Christine Royce: I've read your "Battle Hymn..." book as well as several books related to self-esteem and the resultant impact on students (i.e. "NurtureShock"). In your opinion do you think the past few decades' push on constantly "building self esteem" in children helps or hurts students/children?
Jed Rubenfeld: Hi Christine. Amy and I are critical of many aspects of the the self-esteem movement. According to psychologist Carol Dweck, in the last couple of decades parents and teachers in America "decided that self-esteem was the most important thing in the world — that if a child had self-esteem, everything else would follow." Unfortunately, the facts have proved otherwise.
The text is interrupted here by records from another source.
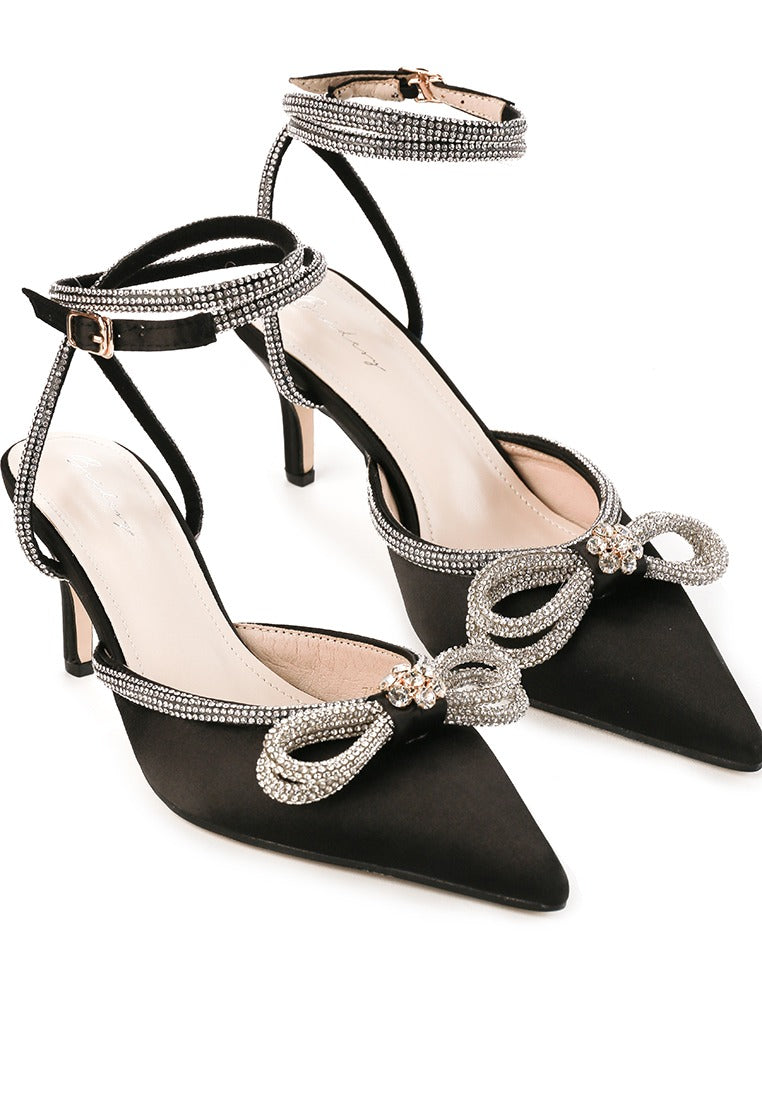 Rhinestone Stiletto Heels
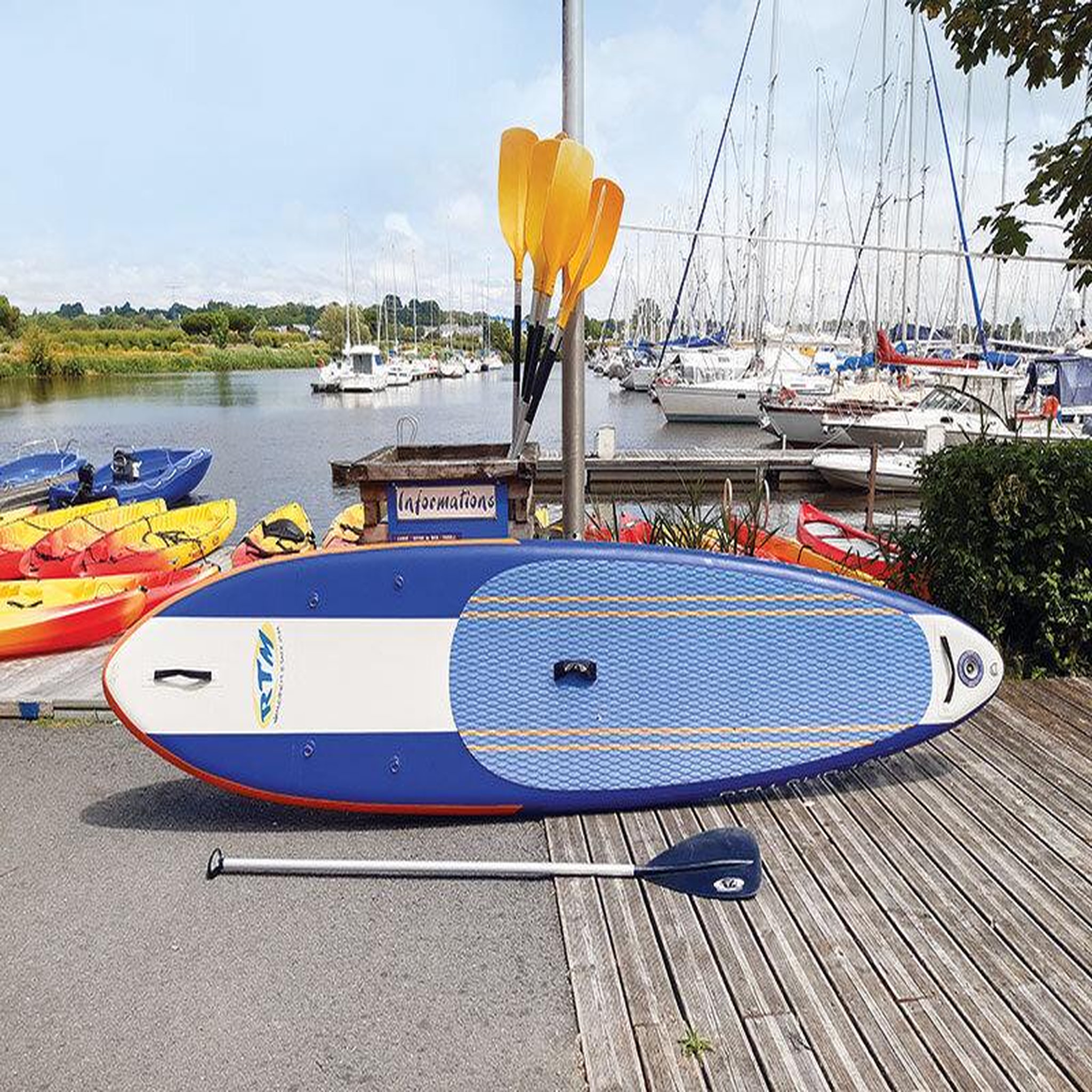 Voir la diapositive 4 : Smartbox 3h de paddle, kayak biplace ou canoë-kayak pour 2 personnes près de vannes - coffret cadeau sport & aventure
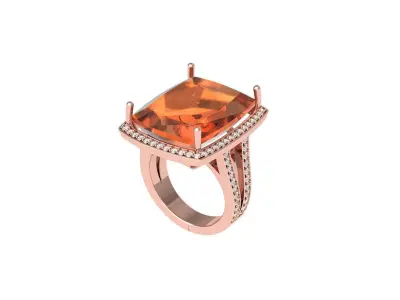 Wedding Ring  3D print model 399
It's now well established that increasing self-esteem does not improve academic performance. Asian-American students have the lowest self-esteem of any U.S. racial group, yet get the best grades. In a controlled experiment, students who received self-esteem-boosting messages did worse than other students. In another study, telling students how intelligent they were lowered their scores on standardized test questions — and apparently made them lie when asked how many questions they'd gotten right! Meanwhile, psychologists report that kids raised on a high-self-esteem diet often suffer depression and anxiety as adults, along with higher rates of narcissism.
Amy and I believe that the core problem with the self-esteem movement is that it severed self-esteem from esteem-worthy conduct. People are told to feel good about themselves no matter what they have or haven't done; kids are praised lavishly even when they haven't put their best effort into what they did. True self-esteem has to be earned. You can read much more about this in our book. Thanks for your question!